During the first day, I was asked how do I pronounce my name. I laughed it off initially, saying I've been called a million different names and it really doesn't matter anymore. My team, of five practitioners told me No, that it mattered, and they wanted to get it right. So, I told them what I tell everyone "Aw-Med" is the way to pronounce it. For the rest of the three hours, this slightly bothered me, and I carried it with me into the evening and even the next morning. 

The next day, deciding to start a new chapter in my life, I decided that they would say my name right. So, for the first five minutes or so we practiced to say Ah-mad, the way it was supposed to, in a way where it actually has a meaning and is not just another way for me to fit in in Western Society. I explained to them that my name had to change when I was twelve, when we moved to Canada, and no one could pronounce my name, and how wanting to be White, I kept up the American/Canadian version of the name, but it is not my name. 

It should not be my responsibility to teach you how to say my name properly, but I will start correcting you if we're going to have an actual relationship. Even though hearing Akh-med is going to sting, I will continue to tell you I am wrong.
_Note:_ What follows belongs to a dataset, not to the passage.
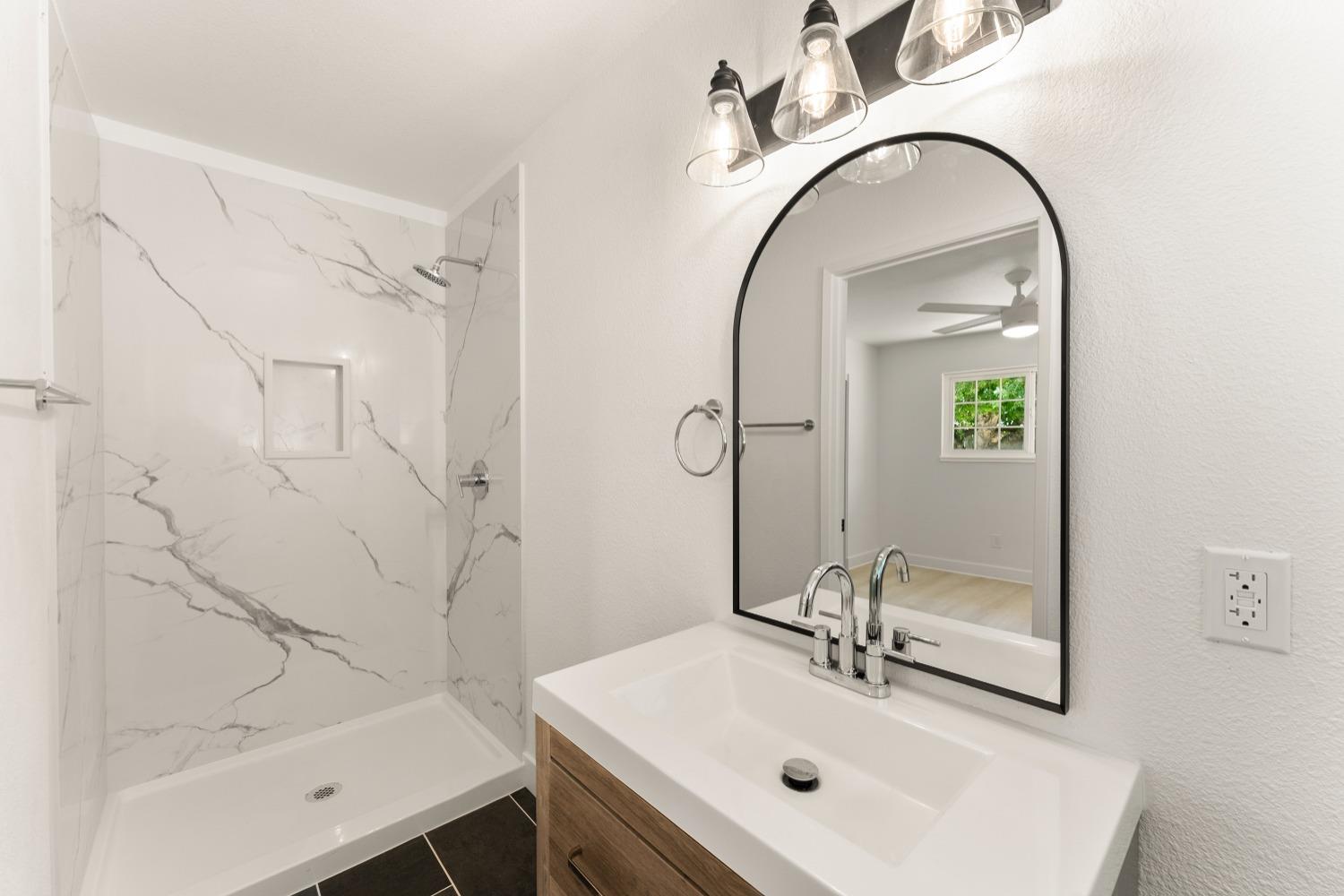 Detail Gallery Image 11 of 17 For 332 N Lower Sacramento Rd, Lodi,  CA 95242 - 4 Beds | 2 Baths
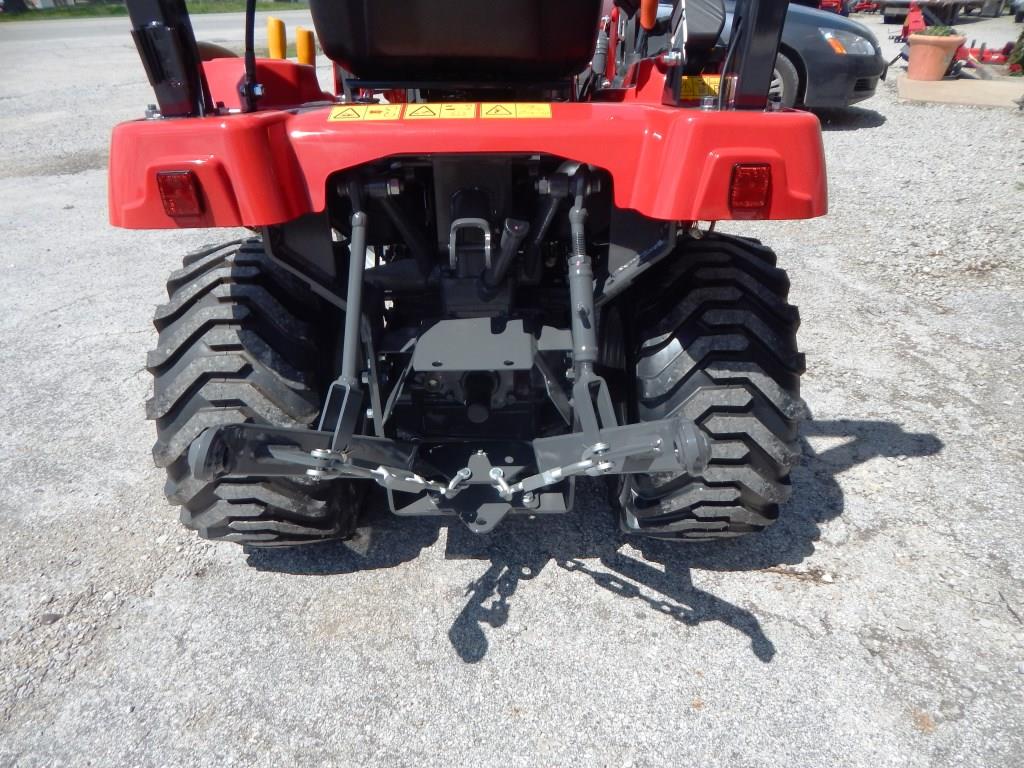 2024 Massey Ferguson GC1723E Hydro Tractor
If you don't want to put in some work to pronounce my name properly, then you probably won't put in any effort to make our relationship work. 

It might seem like I am making a big deal out of nothing, but there's no belonging in a world that can't even pronounce your name. There are plenty of studies about how psychologically damaging constantly mispronouncing names can be. And it's so simple, just go to www.pronouncenames.com; even they pronounce my name right. 

Recently, on my trip around the United States, as I was going through White Supremacist areas (most of the places I passed) I had a stay alive name, and I realized how much of my identity is associated with my name. Without my name, and without the sun, I am basically a White Male. But that's not me. I am a Palestinian with Sun Kissed Skin and a name that's literally filled with praise. Who are you to take that away from me?

If you're in a similar position, here a few things you must be aware of before deciding to take ownership of your name:

1) You will get push back. There's a reason many of our names, despite being worn by possibly hundreds of millions of others, are still not pronounced correctly. White Supremacy affects us in almost every way. Preventing us from having our real names, something that holds so much of our humanity, is another way the system controls us. Not everyone will support your Self-Actualization. 

2) Be Safe. Your difference is far more noticeable with a clearly foreign name. My name is so incredibly easy to recognize, but not everyone will. I was literally told today 'wow, I love unique names'. Clearly this person did not realize that I have one of the most common names in the world. 

3) Set an example for others. No, I am not talking about constantly repeating your name. I am saying that you need to also be accounting for possibly not appreciating everyone's names. In a White Supremacist society we are taught that pronouncing a predominantly white name wrong is the end of the world, but if it's a foreign name then that's that person's problem. There's power to names, be a Safe individual. 

People say the eyes are the window to the soul, well, sometimes, names are the windows to our identities.